(CNN) -- Local leaders across the country were presented Tuesday with the results of a report that calls for the end of a controversial Department of Homeland Security program involving local officials in immigration enforcement.
The Immigration and Customs Enforcement program, known as Secure Communities, seeks to find unauthorized immigrants who have criminal records and deport them. According to ICE, the program is a "simple and common sense" way to carry out its agency's priorities, which include the removal of those who pose a threat to the public or are repeat immigration offenders.
But the report, written by a coalition of community organizations under the umbrella of the National Community Advisory Committee, found that a large number of immigrants being deported were not criminals and that it distracts from local police work.
In more than half a dozen cities Tuesday, groups of activists -- ranging from a handful to dozens -- presented the report to local leaders in an effort to get the federal government to drop the program.
Under the program, law enforcement agencies run the fingerprints of people they arrest through immigration databases, aiming to find illegal immigrants.
Critics have said it results in the deportations of immigrants who are in the United States illegally but have no criminal arrest records.
But federal officials have praised the program, arguing that it allows authorities to catch criminals who could fall through the cracks.
Critics of Secure Communities -- including several state governors -- have argued that is not the case.
In June New York Gov. Mario Cuomo said his state was pulling out of the program because of concerns about "its impact on families, immigrant communities and law enforcement in New York." Massachusetts Gov. Deval Patrick followed suit several days later. And Illinois Gov.

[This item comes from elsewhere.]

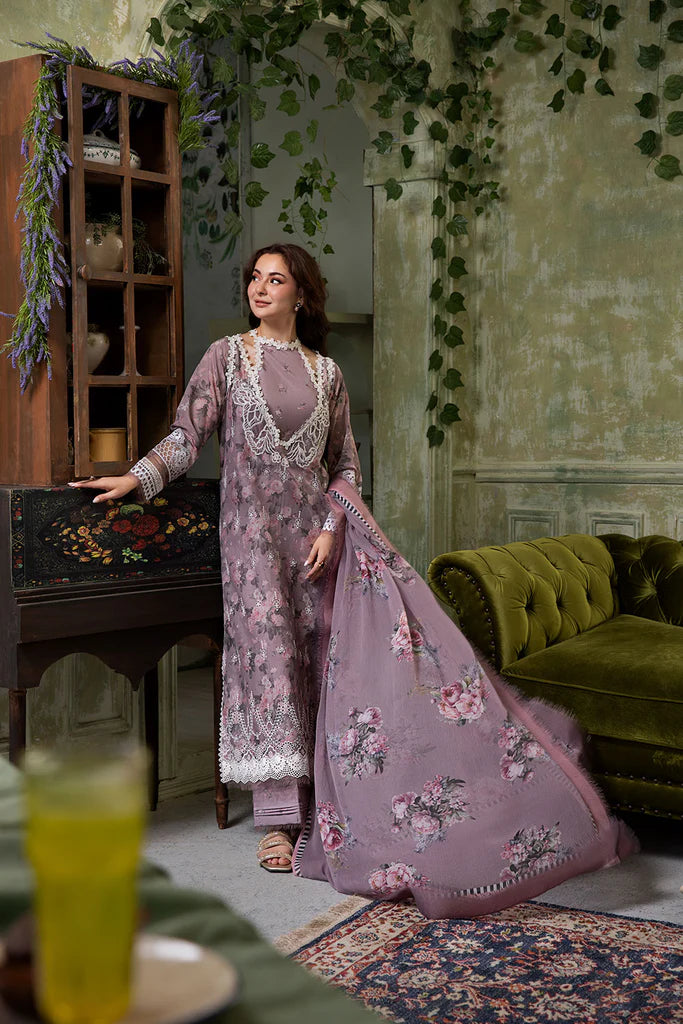 Model wearing mauve floral embroidered Design 2A outfit from Sobia Nazir Vital '25 Vol. 2, Pakistani luxury pret clothes online in UK.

Pat Quinn also has said his state was withdrawing from the program.
Activists in Boston, Oakland, Chicago, Los Angeles, Atlanta, Miami, Charlotte, Phoenix and other cities gathered to present copies of the report criticizing Secure Communities Tuesday.
The report concludes that Secure Communities "is a fundamentally flawed program that is beyond repair."
B. Loewe, spokesman for National Day Laborer Organizing Network, one of the groups behind the report, said that it is the most sweeping view of the program.
It found that the program distracts police, diverts their resources and destroys trust with immigrant communities.
"The only way forward is to end this program," he said.
In an August 2 report, the Department of Homeland Security said Secure Communities was active in more than 1,500 jurisdictions across the country.